- [Information supplied]
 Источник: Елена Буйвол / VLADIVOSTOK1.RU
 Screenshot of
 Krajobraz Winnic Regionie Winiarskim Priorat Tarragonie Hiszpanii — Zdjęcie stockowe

- [Directions]
Please retype all of the material above, keeping it exact.

- [Output of the exercise]
 Источник: Елена Буйвол / VLADIVOSTOK1.RU
 Screenshot of
 Krajobraz Winnic Regionie Winiarskim Priorat Tarragonie Hiszpanii — Zdjęcie stockowe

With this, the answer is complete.